| Work to complete |
In the entries below, begin at the line that has "Studebaker - SB6085" and stop after the line that has "Womens Soft Rib"; output those lines exactly, leaving out pictures.

| Data for processing |
—————
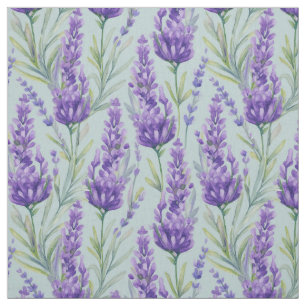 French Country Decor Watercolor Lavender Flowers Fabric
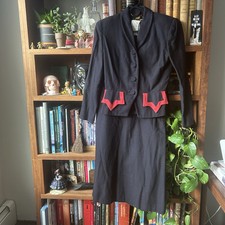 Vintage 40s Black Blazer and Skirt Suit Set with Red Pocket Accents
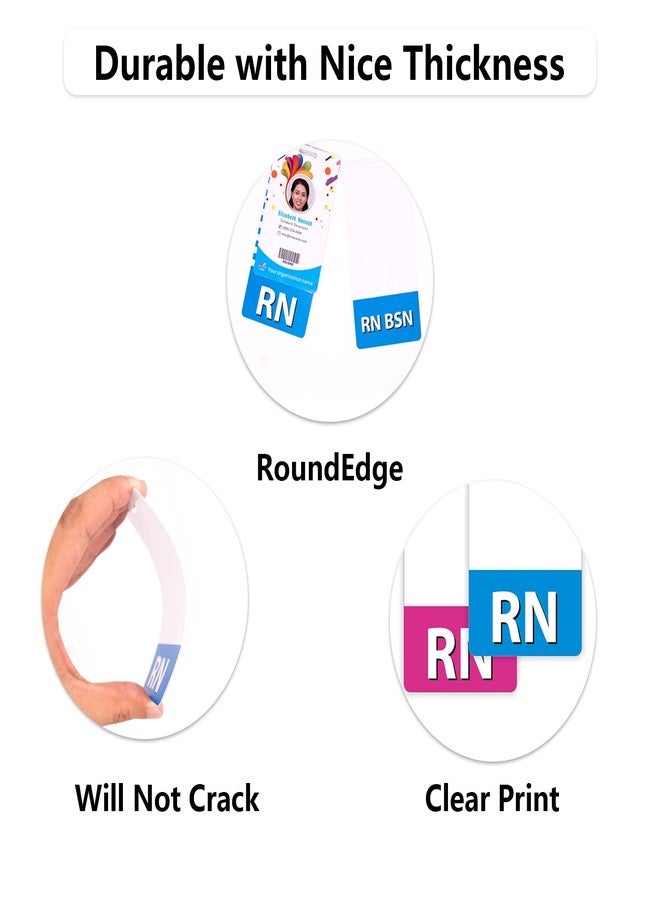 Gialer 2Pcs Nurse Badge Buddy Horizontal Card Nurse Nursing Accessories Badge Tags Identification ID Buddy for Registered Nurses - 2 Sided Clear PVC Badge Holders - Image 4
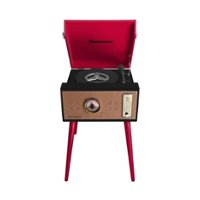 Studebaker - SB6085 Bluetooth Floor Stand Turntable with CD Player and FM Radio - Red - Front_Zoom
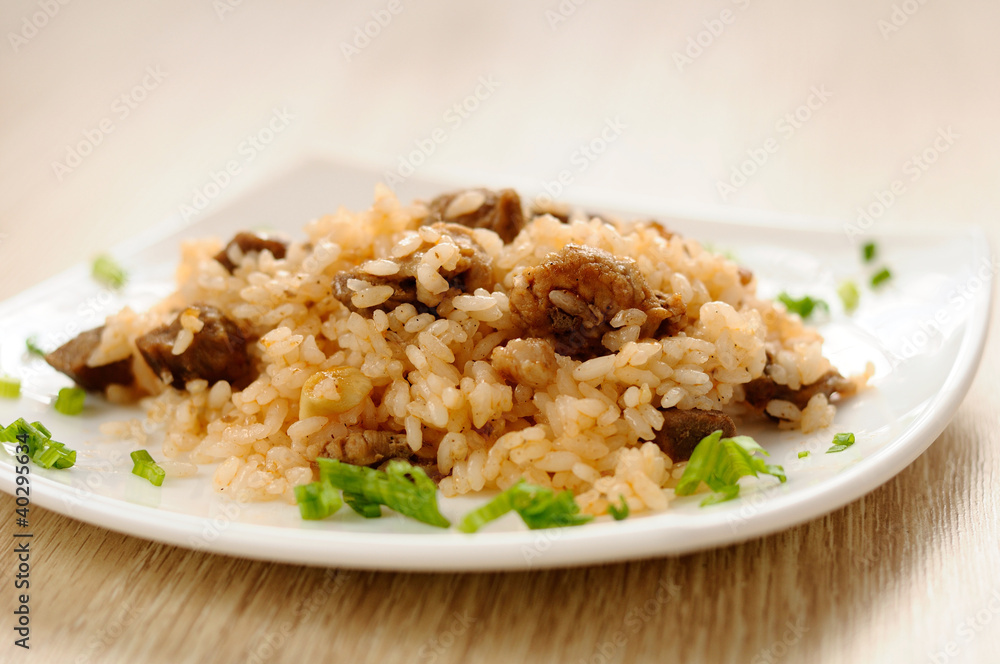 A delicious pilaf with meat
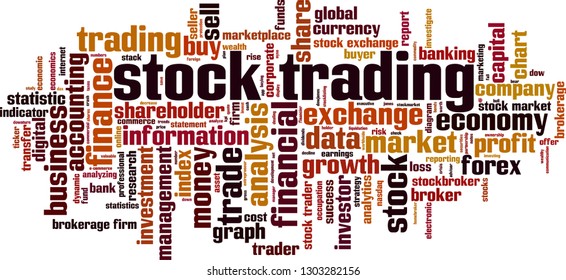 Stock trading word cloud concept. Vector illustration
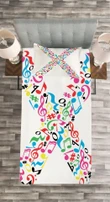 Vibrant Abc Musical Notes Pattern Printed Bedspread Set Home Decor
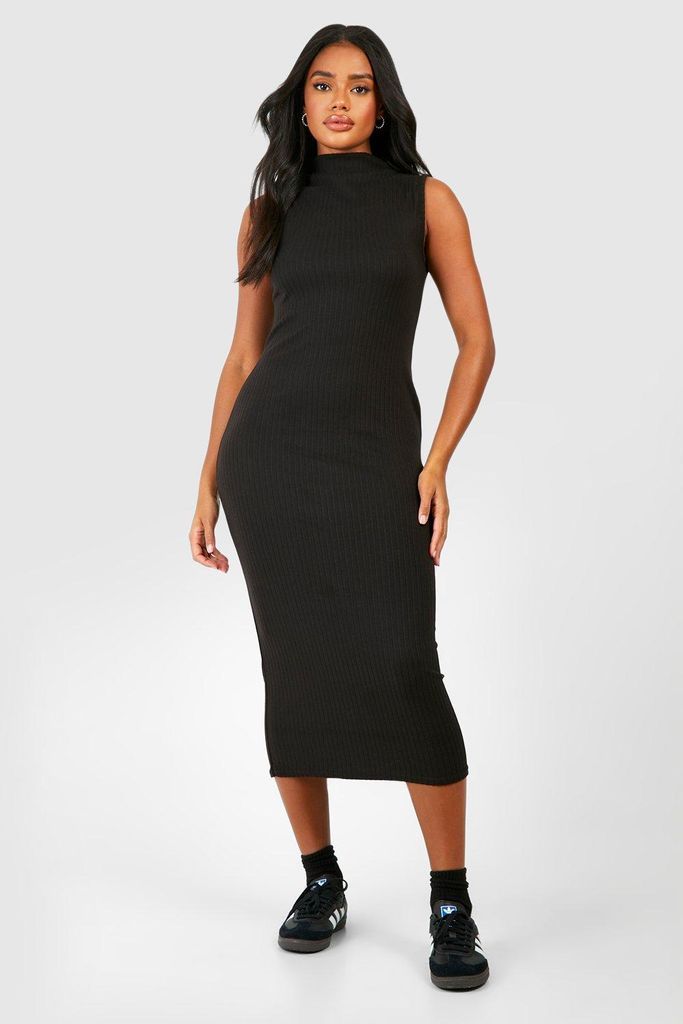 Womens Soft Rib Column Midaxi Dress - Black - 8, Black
—————
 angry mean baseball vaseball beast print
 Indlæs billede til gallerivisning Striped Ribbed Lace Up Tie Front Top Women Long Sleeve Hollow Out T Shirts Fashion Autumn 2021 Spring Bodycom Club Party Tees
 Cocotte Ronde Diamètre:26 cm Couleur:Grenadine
—————
| Reply to the exercise |
 Studebaker - SB6085 Bluetooth Floor Stand Turntable with CD Player and FM Radio - Red - Front_Zoom
 A delicious pilaf with meat
 Stock trading word cloud concept. Vector illustration
 Vibrant Abc Musical Notes Pattern Printed Bedspread Set Home Decor
 Womens Soft Rib Column Midaxi Dress - Black - 8, Black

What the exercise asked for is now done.